While these machinations in the third largest district in the nation might be confusing, the proposed change in governance may not matter.
According to a 2016 Pew Charitable Trust report: “There is no consensus among researchers about whether any particular form of school governance—including state takeovers, mayoral control, or elected local boards—leads to better student performance or fiscal management.”
But that hasn’t stopped lawmakers from trying. Centralizing and decentralizing education governance is a popular American pastime.
In an unpublished paper written in conjunction with a Bellwether project* on the evolution of public school governance, James Shuls explains:

Over generations, states and cities have continuously experimented with different [education governance] models. More importantly, governance policies have adapted with the times. When people were isolated in remote communities, local boards of education were the norm. When immigrants flooded northern cities, boards composed of ward representation ensured neighborhood public schools reflected local needs. As partisan politics and nepotism grew, district governance became more centralized. Later, as centralized administrations grew distant and unresponsive, some boards reverted to include greater ward participation.

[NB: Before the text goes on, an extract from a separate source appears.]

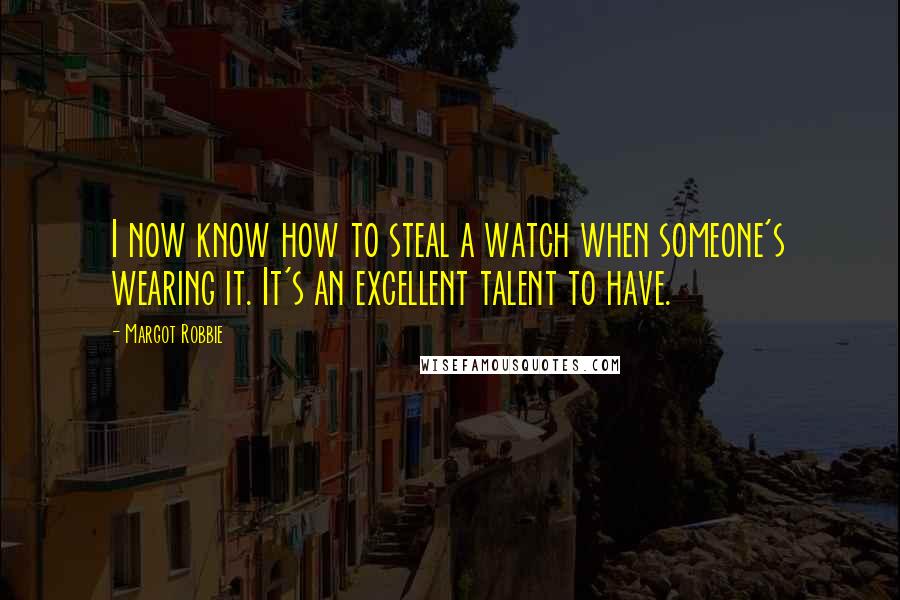 Margot Robbie Quotes: I now know how to steal a watch when someone's wearing it. It's an excellent talent to have.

More recently, state receivership, statewide school districts, and charter schools and their authorizers have introduced new governance models.
What matters more than the specific governance model, according to the Pew report, are clear lines of accountability, scopes of responsibility, transparency, and good governance practices — all things Lightfoot has proposed for Chicago’s school system.
Assuming Lightfoot can get it done, the more important question for Chicago is whether they’ll continue executing on the strategy that made it the fastest improving school system in the country.
The fact that Lightfoot kept Janice Jackson as Chicago Public Schools’ CEO bodes well for a continuity of strategy. But then again Lightfoot is opposed to the idea of opening charter schools or closing any schools, two major factors in Chicago’s history of continuous improvement.
Regardless of whether Chicago’s next school board members are appointed or elected, they’d be smart to take a good hard look at what’s led to unprecedented academic achievement gains across all student groups and keep doing what’s worked.